EXERCISE INSTRUCTIONS: Retype, without changes or pictures, only the lines that begin at the one containing "Melody high waist gray denim leggings" and end at the last line of the records that follow.

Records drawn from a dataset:
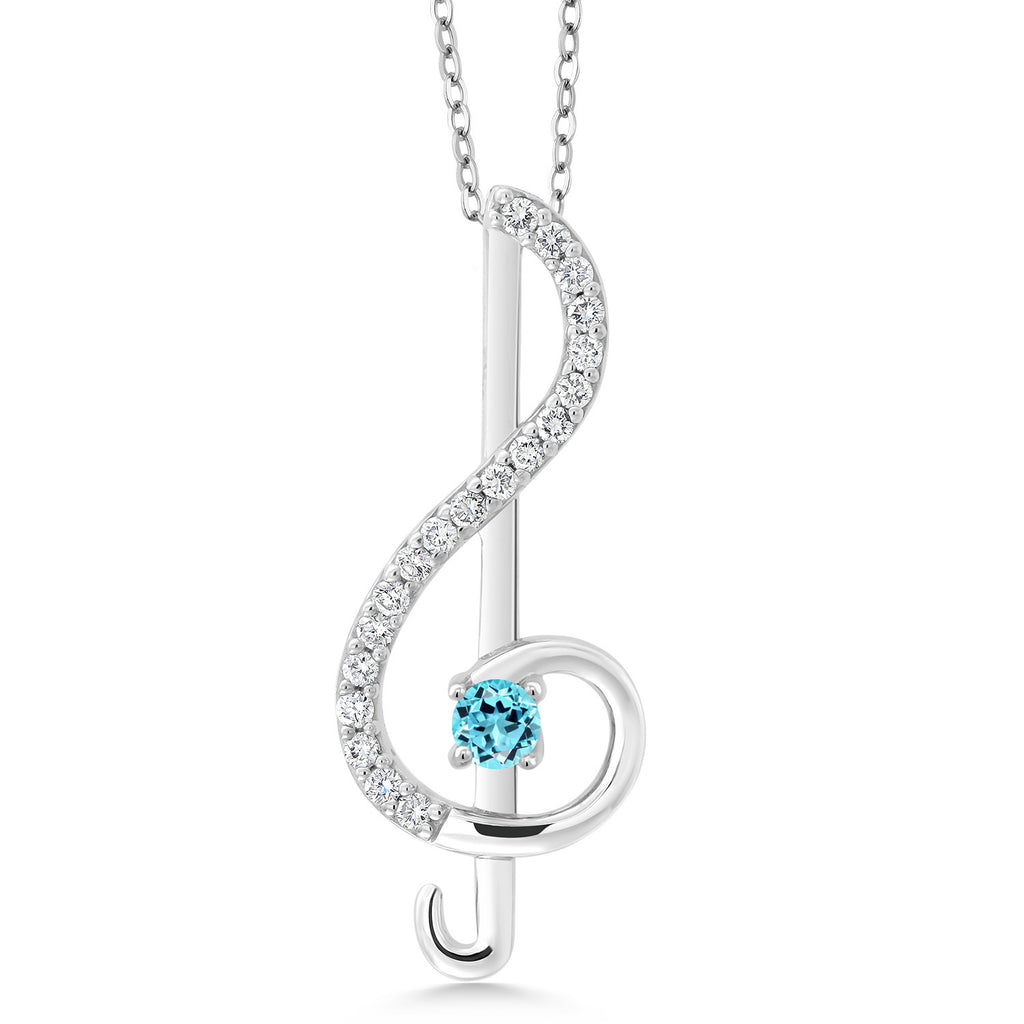 Swiss Blue Topaz_Pendant in 925 Sterling Silver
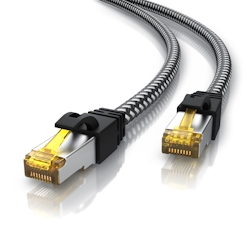 Primewire Patchkabel CAT 7 Rohkabel mit Baumwollummantelung - Gigabit Ethernet LAN Kabel - 10 Gbit/s - S/FTP PIMF Schirmung - Netzwerkkabel - 30m Image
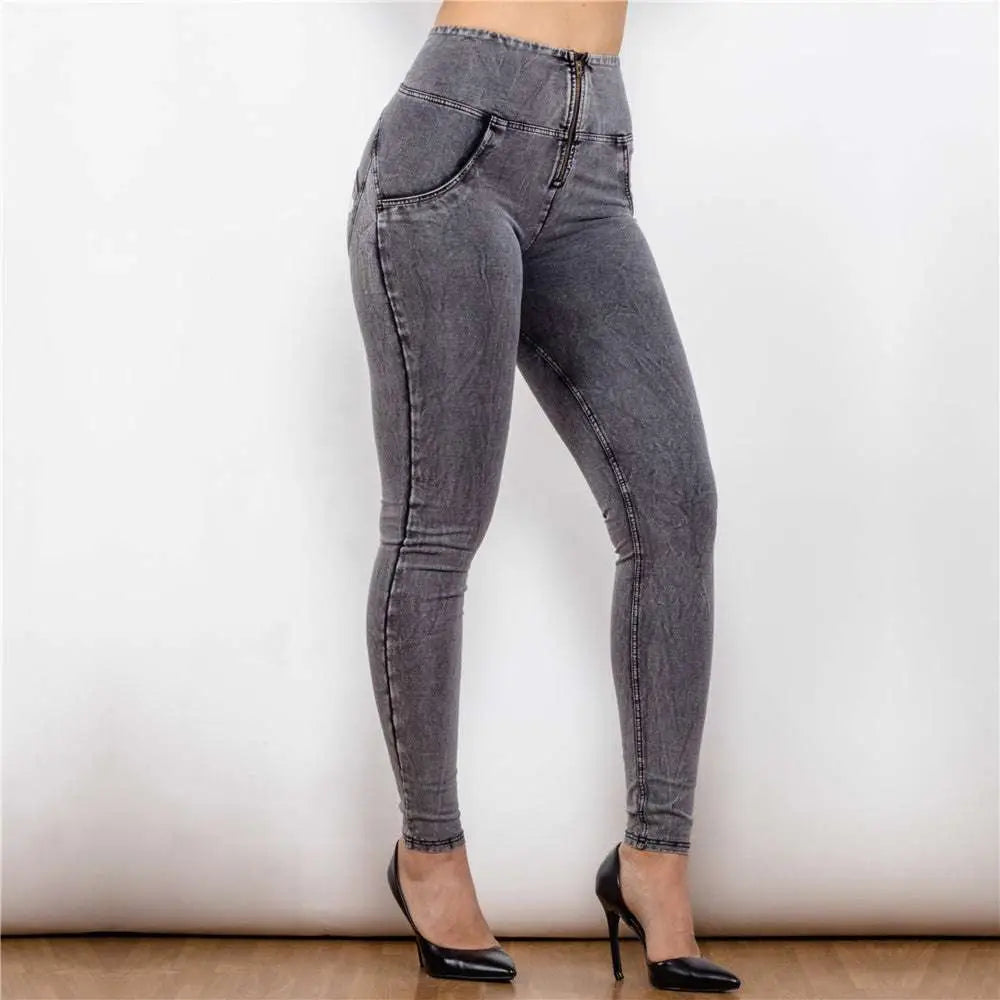 Melody high waist gray denim leggings
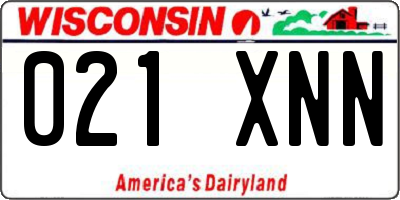 WI license plate 021XNN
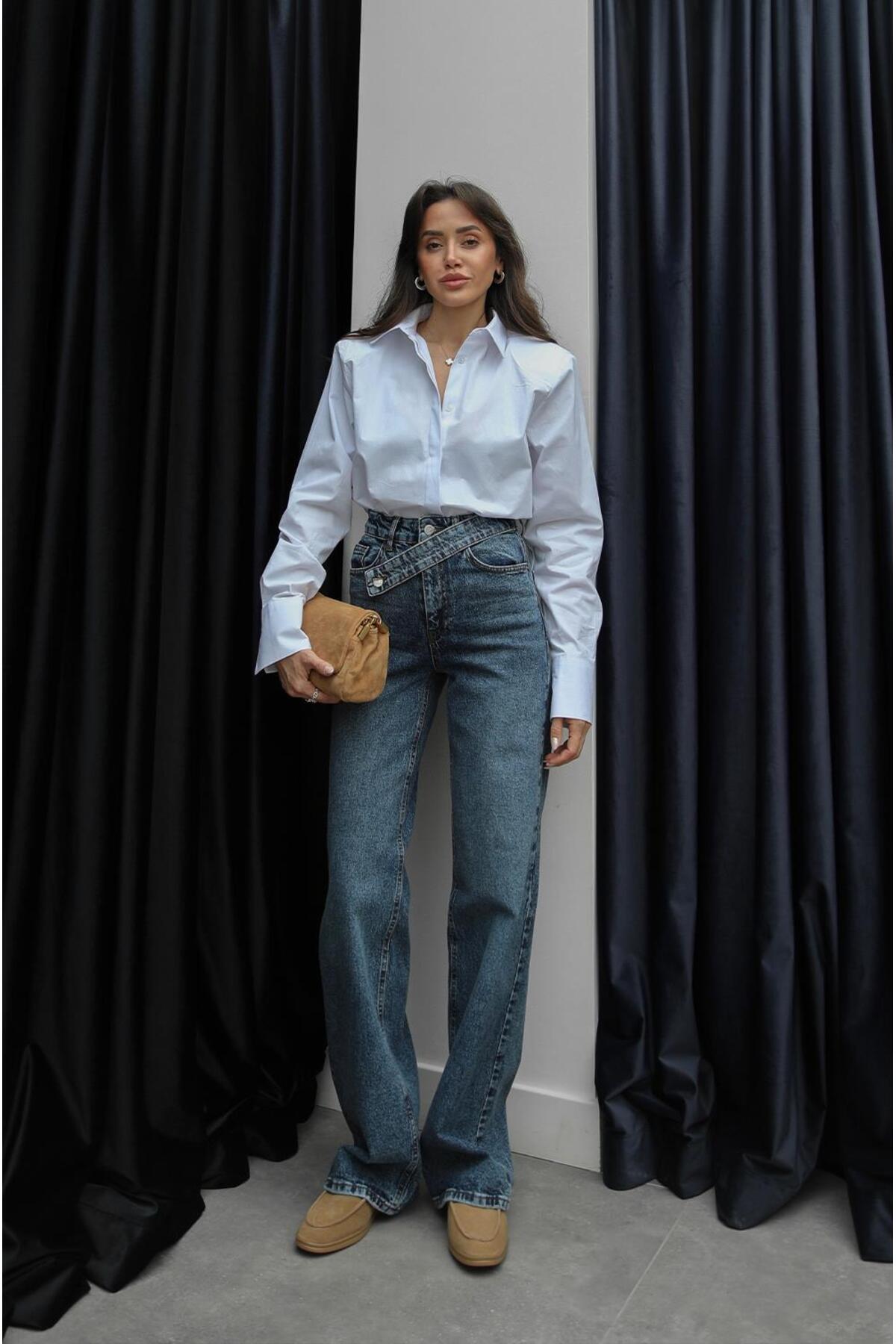 Havoş Σκούρο Μπλε Σταυρός Με λεπτομέρεια ζώνης Τζιν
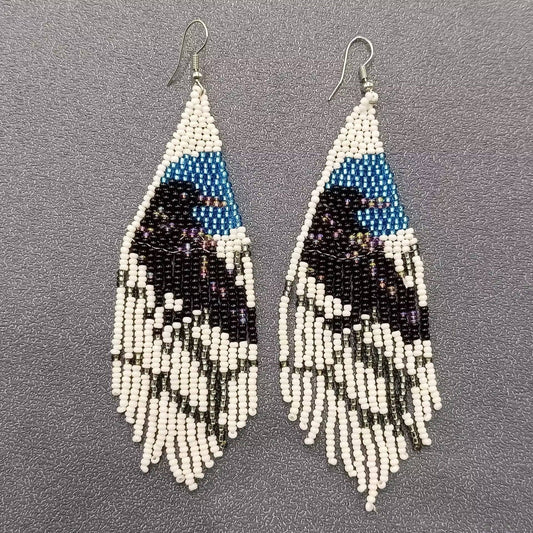 Blue Moon Raven Bead Earrings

EXPECTED OUTPUT:
 Melody high waist gray denim leggings
 WI license plate 021XNN
 Havoş Σκούρο Μπλε Σταυρός Με λεπτομέρεια ζώνης Τζιν
 Blue Moon Raven Bead Earrings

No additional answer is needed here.